Try overriding your allocators so they zero out memory when allocating. Does the problem go away (or become more reproducible?)
Writig a log shows that the crash happens on a declaration of a local int variable! How could that be? Memory corruption?
Stack overflow! ;)
4) Writig a log shows that the crash happen on a declaration of a local int variable!how could that be? Memory corruption
I've found the cause to numerous "strange crashes" to be dereferencing of a broken this inside a member function of said object.
What does the crash say ? Access violation ? Exception ? That would be the further clue to solve this with
Ensure you have no preceeding memory corruptions using PageHeap.exe
Ensure you have no stack overflow (CBig array[1000000])
Ensure that you have no un-initialized memory.
Further you can run the release version also inside the debugger, once you generate debug symbols (not the same as creating debug version) for the process. Step through and see if you are getting any warnings in the debugger trace window.
"4) Writing a log shows that the crash happens on a declaration of a local int variable! How could that be? Memory corruption?"
This could be a sign that the hardware is in fact faulty or being pushed too hard. Find out if they've overclocked their computer.
When I get this type of thing, i try running the code through gimpels PC-Lint (static code analysis) as it checks different classes of errors to BoundsChecker. If you are using Boundschecker, turn on the memory poisoning options.
You mention AMD CPUs. Have you investigated whether there is a similar graphics card / driver version and / or configuration in place on the machines that crash?
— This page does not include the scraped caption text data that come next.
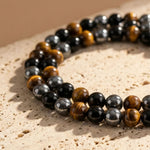 Collier "3 Protections" en Hématite, Obsidienne & Oeil de Tigre - - L'Arbre des Chakras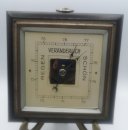 Aneroid Barometer - Holz Messing quadratisch Vintage Retro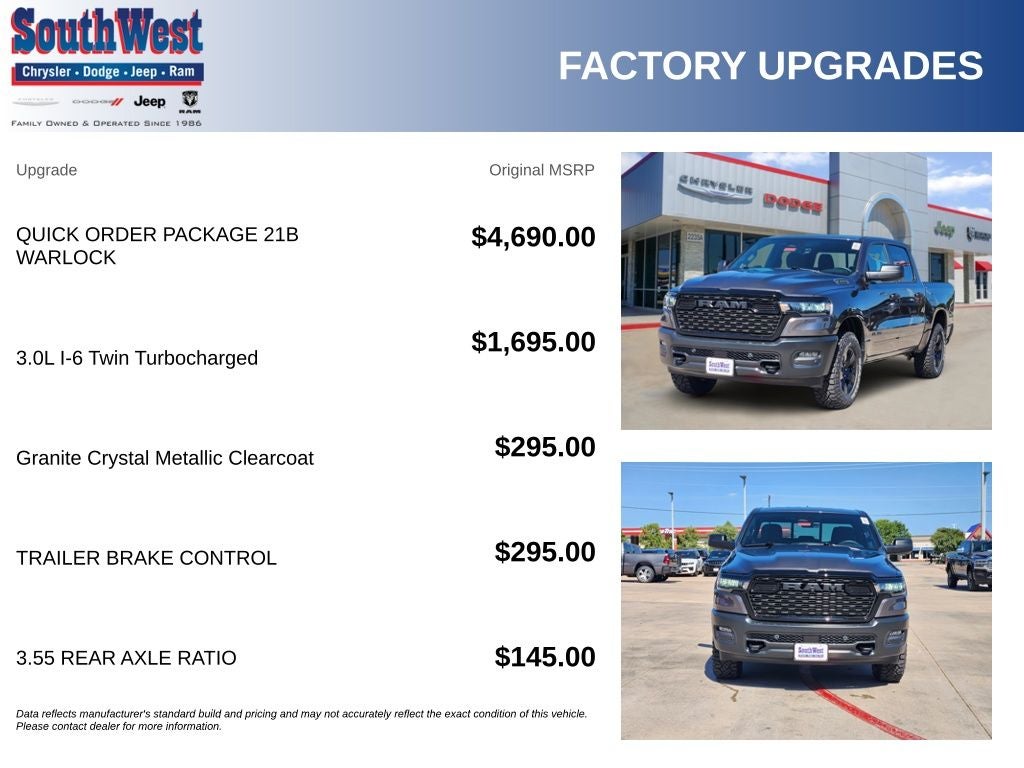 2026 RAM Ram 1500 RAM 1500 WARLOCK CREW CAB 4X4 5'7' BOX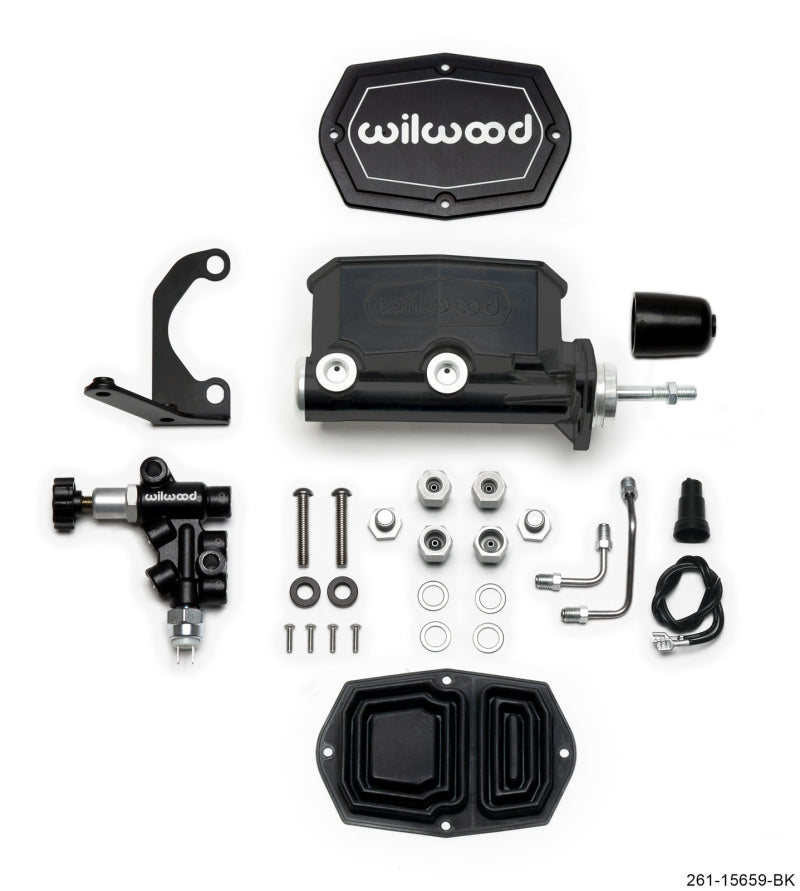 Wilwood Compact Tandem M/C - 7/8in Bore w/RH Bracket and Valve (Pushrod) - Black Wilwood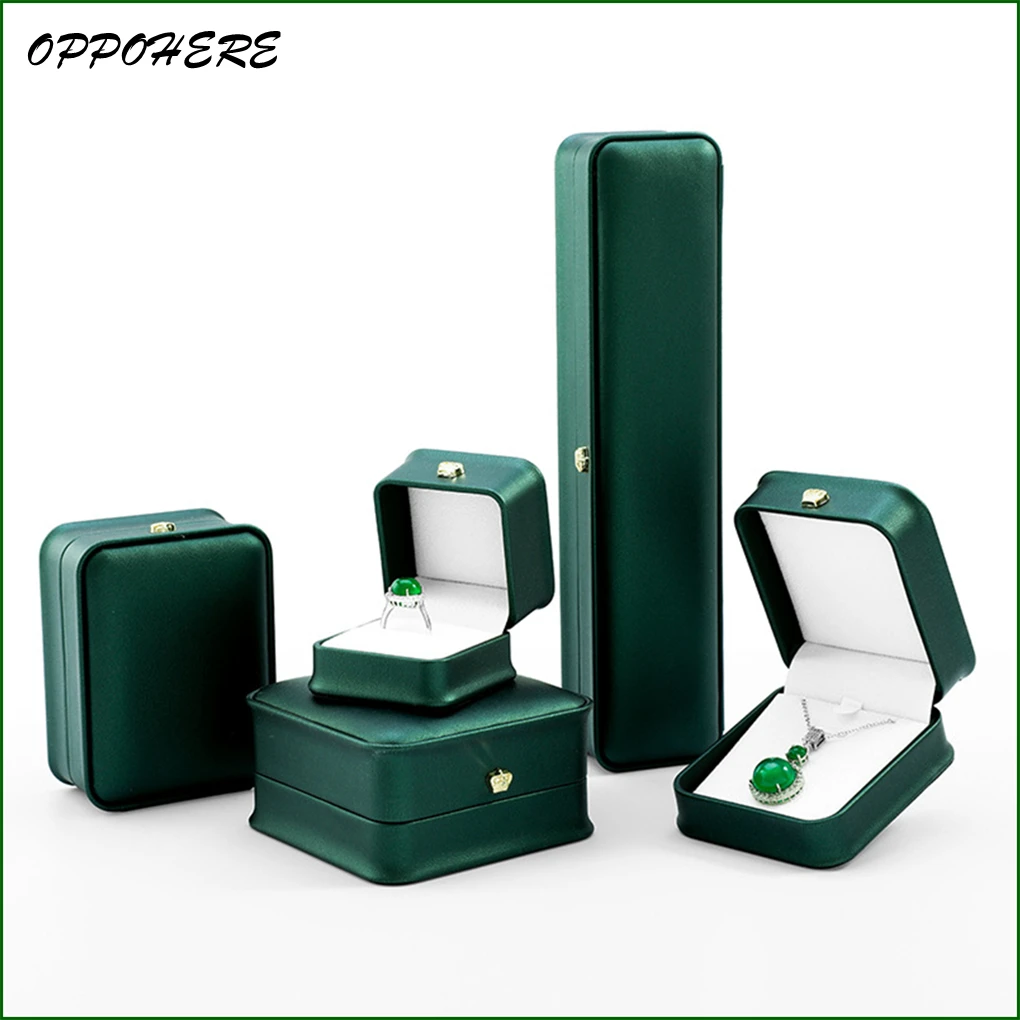 Top Trends: Dark Green Leather Jewelry Organizer Proposal Wedding Ring Box Pendant Bracelet Necklace Storage Case Gift Packaging Display Box Shoppable Styles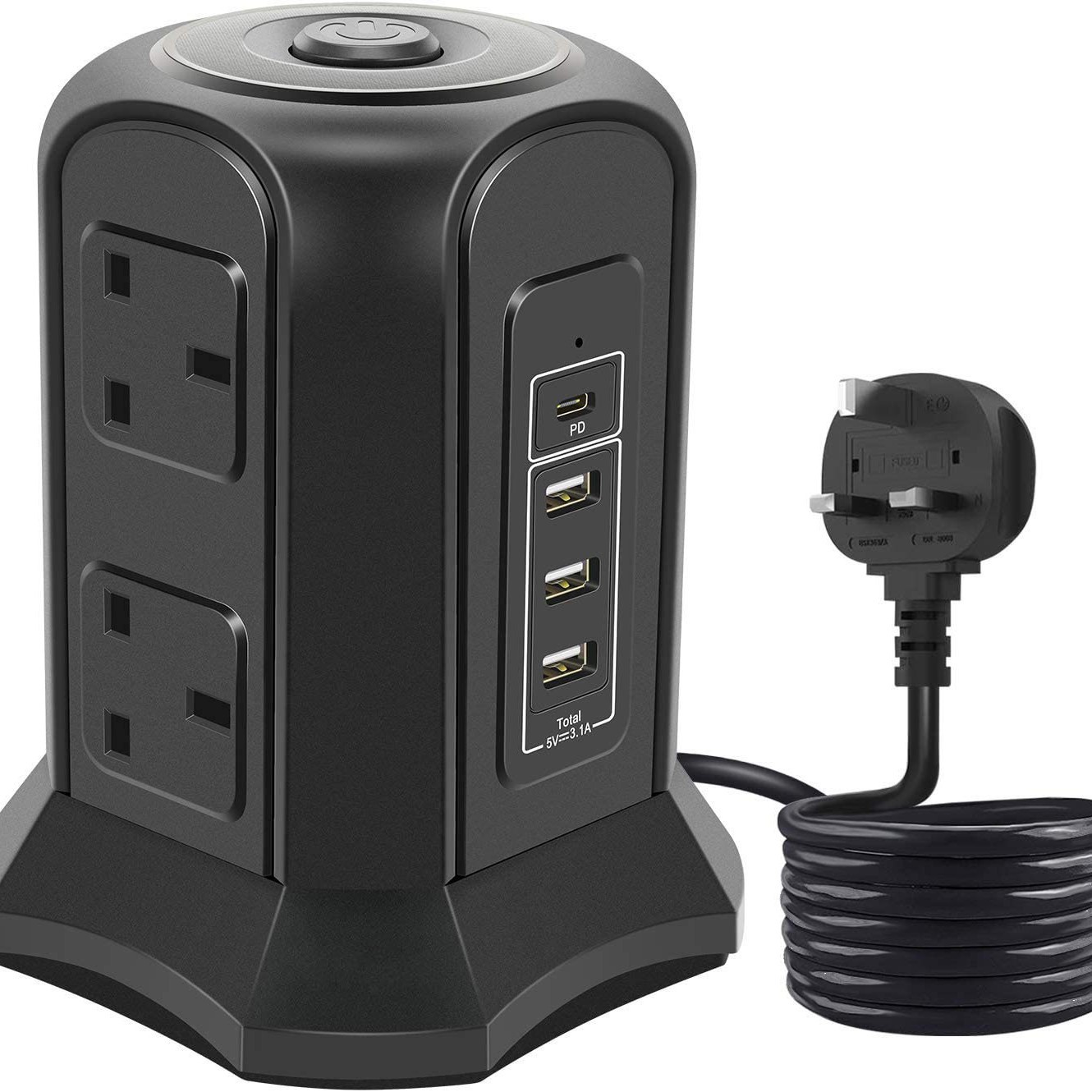 英规塔式充电插座立式插座usb充电插座多功能插座只能PD快充插座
Does it always crash on these machines or just occasionally? Maybe run the System Information tool on these machines and see what they have in common,
Sounds like stack corruption to me. My favorite tool to track those down is IDA Pro. Of course you don't have that access to the user's machine.
Some memory checkers have a hard time catching stack corruption ( if it indeed that ). The surest way to get those I think is runtime analysis.
This can also be due to corruption in an exception path, even if the exception was handled. Do you debug with 'catch first-chance exceptions' turned on? You should as long as you can. It does get annoying after a while in many cases.
Can you send those users a checked version of your application? Check out Minidump Handle that exception and write out a dump. Then use WinDbg to debug on your end.
Another method is writing very detailed logs. Create a "Log every single action" option, and ask the user to turn that on and send it too you. Dump out memory to the logs. Check out '_CrtDbgReport()' on MSDN.
Good Luck!
EDIT:
Responding to your comment: An error on a local variable declaration is not surprising to me. I've seen this a lot. It's usually due to a corrupted stack.
Some variable on the stack may be running over it's boundaries for example. All hell breaks loose after that. Then stack variable declarations throw random memory errors, virtual tables get corrupted, etc.
Anytime I've seen those for a prolong period of time, I've had to go to IDA Pro. Detailed runtime disassembly debugging is the only thing I know that really gets those reliably.
Many developers use WinDbg for this kind of analysis. That's why I also suggested Minidump.
Try Rational (IBM) PurifyPlus. It catches a lot of errors that BoundsChecker doesn't.